Members of the GOP should shy away from tying their campaigns to the national deficit.  Although Conservatives and Tea Partiers understand what they mean, the exclusive focus on deficit instead of growth and spending is a recipe for political disaster. This isn’t a matter of policy, it’s a matter of presentation, an area where Democrats have long held a substantial edge.

Democrats are about to push for major—and highly destructive—tax increases under the guise of balancing the nation’s checkbook.  If I were a Democrat strategist, I would encourage Republicans to “keep their word on the deficit.”  I would present the people with a false choice.  Either the Republicans are willing to comply with Democrat tax increases, or they’re hypocrites.  The tactic might become even more effective if the GOP successfully won control of the House.  I suspect I’m neither the first, nor the only person to conceive of this campaign strategy which is why Conservatives must plan an articulate response now.
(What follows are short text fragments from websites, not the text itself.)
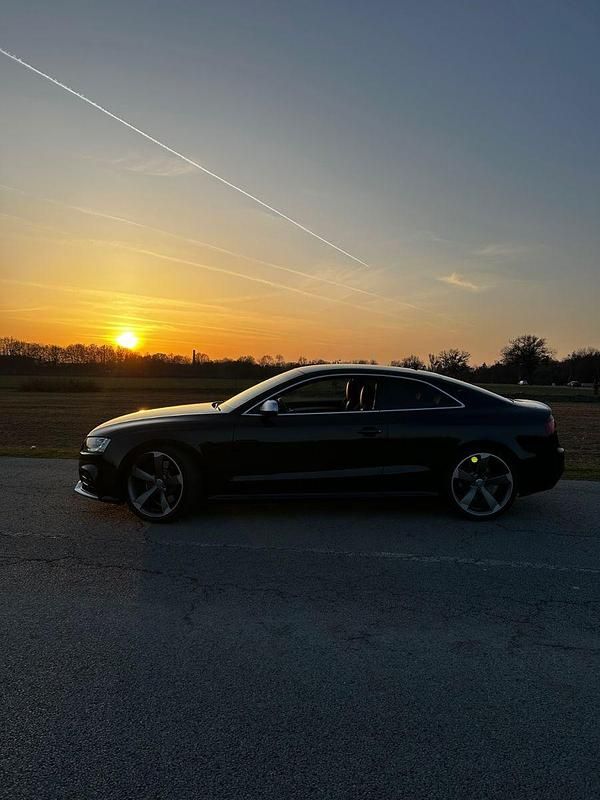 Gebraucht Audi RS5 Sport 450 PS (330 kW) 2012 Schwarz Coupé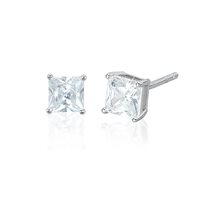 Ohrringe Mabina Dame Orecchini In Argento E Zirconi in Silber Zirconia 563025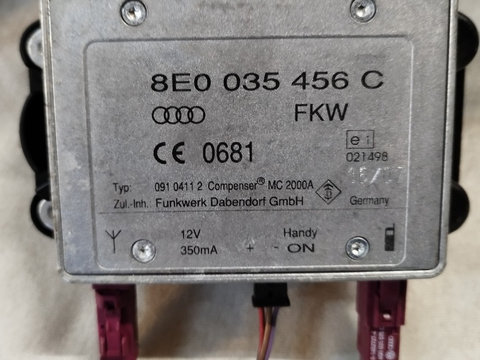 Modul ampificator antena Audi Q7 2007 3.0 TDI BUG 2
By framing policy in terms of what is pro-growth, and what is not pro-growth, the Republican Party can sidestep this potential roadblock. Despite what Nancy Pelosi may think, taxes are not pro-growth; government spending is not pro-growth. Suddenly, the GOP’s policy positions become clear even though they haven’t changed. And if someone does ask about the GOP’s deficit plans, the answer is equally clear: “if we reduce spending to a sustainable level, we will eliminate the deficit; unfortunately, our friends on the other side of the aisle aren’t willing to confront the tough decisions that come with entitlement reform.”